- What the task requires -
In the listing below, the answer starts at the line that has "Platfast Tablet image Platfast Tablet image" and stops after the line that has "Mini Dice Jail"; please repeat that part exactly and nothing more.

- Record set -

----

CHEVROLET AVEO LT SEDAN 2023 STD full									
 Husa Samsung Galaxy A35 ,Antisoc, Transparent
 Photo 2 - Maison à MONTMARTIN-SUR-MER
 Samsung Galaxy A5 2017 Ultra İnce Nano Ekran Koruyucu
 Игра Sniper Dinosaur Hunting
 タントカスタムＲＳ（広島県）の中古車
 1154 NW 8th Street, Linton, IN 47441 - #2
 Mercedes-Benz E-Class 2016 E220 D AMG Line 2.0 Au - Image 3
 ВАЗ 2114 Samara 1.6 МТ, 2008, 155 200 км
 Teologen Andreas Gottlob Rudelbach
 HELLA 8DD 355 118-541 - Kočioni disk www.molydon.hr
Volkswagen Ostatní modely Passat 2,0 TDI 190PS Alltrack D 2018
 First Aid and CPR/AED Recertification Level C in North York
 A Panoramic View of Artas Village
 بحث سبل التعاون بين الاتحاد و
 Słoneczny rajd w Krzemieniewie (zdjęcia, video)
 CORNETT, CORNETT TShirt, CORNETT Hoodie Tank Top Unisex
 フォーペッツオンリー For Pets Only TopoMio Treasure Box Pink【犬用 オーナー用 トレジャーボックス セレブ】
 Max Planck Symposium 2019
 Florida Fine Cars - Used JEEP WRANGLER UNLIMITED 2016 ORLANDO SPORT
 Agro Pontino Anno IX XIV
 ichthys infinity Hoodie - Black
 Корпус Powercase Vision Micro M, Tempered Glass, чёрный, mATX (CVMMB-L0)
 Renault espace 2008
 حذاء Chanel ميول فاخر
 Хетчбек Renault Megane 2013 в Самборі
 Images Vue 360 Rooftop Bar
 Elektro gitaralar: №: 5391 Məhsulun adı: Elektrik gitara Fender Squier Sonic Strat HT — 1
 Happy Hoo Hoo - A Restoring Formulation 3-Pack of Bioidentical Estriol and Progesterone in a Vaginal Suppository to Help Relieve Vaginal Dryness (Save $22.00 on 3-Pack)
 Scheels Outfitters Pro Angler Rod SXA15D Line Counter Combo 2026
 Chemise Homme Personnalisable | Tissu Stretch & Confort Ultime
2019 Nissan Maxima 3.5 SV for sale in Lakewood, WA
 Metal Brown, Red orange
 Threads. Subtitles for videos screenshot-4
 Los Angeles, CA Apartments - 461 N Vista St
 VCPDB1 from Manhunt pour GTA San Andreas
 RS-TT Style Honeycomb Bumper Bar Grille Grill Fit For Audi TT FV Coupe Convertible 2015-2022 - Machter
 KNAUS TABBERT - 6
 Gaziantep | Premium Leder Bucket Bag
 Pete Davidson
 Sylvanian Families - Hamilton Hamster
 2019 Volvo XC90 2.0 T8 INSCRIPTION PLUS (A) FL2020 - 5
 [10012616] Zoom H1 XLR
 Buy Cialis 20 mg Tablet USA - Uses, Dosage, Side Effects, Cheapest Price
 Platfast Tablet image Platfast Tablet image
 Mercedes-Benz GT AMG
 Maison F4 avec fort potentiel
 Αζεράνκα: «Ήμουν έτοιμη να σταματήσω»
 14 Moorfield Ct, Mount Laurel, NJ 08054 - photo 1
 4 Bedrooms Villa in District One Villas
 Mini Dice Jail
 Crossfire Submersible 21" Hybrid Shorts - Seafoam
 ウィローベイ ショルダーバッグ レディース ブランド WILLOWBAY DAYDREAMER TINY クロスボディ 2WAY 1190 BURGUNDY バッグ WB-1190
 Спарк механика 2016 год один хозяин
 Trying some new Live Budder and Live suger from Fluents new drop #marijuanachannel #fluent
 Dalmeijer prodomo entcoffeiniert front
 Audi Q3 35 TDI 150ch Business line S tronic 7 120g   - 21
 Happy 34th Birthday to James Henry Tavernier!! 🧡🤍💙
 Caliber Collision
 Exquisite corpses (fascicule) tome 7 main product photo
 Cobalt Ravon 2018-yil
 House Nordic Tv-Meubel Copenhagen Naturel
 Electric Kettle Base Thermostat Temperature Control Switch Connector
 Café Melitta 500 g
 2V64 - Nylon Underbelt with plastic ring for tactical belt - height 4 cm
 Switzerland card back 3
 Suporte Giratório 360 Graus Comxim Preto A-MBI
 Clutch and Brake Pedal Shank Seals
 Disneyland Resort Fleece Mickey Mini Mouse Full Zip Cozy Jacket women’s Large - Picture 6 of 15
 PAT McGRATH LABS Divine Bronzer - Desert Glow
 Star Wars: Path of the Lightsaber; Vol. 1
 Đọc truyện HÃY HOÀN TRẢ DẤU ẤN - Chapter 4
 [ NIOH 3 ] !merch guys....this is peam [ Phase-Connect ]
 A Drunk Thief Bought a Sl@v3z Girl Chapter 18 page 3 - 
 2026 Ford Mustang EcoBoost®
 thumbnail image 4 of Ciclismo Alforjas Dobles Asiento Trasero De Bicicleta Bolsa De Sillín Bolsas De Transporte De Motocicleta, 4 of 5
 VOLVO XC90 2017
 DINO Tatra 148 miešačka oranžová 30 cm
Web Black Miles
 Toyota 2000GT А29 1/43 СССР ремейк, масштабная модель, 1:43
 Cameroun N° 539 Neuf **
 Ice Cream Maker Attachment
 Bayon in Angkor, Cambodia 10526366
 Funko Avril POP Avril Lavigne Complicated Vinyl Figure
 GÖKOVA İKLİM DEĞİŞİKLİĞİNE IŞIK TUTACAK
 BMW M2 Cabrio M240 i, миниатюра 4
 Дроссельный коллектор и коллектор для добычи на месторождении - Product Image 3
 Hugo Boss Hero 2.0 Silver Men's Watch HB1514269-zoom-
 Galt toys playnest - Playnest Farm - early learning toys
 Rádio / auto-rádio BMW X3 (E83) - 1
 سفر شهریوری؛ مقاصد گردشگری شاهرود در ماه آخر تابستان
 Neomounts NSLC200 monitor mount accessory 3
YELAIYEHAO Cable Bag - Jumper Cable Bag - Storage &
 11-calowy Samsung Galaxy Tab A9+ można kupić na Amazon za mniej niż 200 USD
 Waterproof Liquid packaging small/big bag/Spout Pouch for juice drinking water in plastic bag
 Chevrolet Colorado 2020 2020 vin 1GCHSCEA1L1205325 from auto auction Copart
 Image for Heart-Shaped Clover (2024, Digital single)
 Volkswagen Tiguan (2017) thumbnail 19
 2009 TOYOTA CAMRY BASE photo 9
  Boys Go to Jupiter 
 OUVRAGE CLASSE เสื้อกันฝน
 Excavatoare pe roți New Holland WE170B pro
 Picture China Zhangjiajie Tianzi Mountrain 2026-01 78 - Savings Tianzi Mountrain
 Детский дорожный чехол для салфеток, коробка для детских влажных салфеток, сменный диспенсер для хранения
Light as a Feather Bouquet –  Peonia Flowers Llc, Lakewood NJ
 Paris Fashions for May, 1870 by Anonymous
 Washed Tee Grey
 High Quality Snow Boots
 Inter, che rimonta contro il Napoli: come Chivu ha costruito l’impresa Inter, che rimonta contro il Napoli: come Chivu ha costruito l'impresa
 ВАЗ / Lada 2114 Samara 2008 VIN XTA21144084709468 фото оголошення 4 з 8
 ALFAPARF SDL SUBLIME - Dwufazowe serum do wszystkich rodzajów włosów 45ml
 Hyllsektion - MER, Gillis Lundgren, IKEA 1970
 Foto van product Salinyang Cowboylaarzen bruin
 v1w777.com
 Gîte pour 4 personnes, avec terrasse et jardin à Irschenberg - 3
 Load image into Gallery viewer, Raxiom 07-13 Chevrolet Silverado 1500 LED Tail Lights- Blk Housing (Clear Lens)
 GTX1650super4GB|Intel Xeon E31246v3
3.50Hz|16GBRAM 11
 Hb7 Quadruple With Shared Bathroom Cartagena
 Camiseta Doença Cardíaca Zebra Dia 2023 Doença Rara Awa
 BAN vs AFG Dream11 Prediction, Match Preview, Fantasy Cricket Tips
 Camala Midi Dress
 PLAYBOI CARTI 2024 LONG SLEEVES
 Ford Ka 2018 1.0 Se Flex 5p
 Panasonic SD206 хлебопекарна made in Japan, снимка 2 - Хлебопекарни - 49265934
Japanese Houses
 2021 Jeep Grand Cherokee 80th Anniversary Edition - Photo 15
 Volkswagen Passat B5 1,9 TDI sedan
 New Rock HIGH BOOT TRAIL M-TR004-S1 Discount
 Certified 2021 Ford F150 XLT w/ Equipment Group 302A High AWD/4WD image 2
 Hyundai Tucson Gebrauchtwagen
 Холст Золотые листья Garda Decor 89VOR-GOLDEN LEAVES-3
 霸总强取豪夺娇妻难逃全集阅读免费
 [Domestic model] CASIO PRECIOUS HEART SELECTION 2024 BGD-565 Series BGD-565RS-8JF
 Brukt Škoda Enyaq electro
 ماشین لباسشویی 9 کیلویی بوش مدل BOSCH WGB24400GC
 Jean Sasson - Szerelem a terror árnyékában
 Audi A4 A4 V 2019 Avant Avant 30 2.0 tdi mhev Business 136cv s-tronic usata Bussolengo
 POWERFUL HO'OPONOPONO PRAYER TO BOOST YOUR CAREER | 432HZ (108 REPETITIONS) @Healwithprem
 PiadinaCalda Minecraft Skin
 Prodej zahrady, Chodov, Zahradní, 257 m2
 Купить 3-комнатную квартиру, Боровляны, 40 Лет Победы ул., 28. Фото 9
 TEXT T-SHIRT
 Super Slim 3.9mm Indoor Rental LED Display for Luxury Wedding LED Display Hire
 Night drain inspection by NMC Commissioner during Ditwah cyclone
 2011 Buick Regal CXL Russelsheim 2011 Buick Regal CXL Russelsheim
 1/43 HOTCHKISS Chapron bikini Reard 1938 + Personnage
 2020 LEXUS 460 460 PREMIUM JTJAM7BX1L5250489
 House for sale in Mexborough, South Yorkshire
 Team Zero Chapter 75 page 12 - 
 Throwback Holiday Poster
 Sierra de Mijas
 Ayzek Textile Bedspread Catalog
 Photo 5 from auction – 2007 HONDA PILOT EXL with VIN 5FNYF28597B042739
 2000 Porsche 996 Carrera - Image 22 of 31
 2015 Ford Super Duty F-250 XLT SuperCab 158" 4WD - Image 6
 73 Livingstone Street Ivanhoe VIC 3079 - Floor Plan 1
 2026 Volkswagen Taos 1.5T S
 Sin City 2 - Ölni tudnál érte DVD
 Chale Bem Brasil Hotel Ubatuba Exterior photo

----

- Expected output -
 Platfast Tablet image Platfast Tablet image
 Mercedes-Benz GT AMG
 Maison F4 avec fort potentiel
 Αζεράνκα: «Ήμουν έτοιμη να σταματήσω»
 14 Moorfield Ct, Mount Laurel, NJ 08054 - photo 1
 4 Bedrooms Villa in District One Villas
 Mini Dice Jail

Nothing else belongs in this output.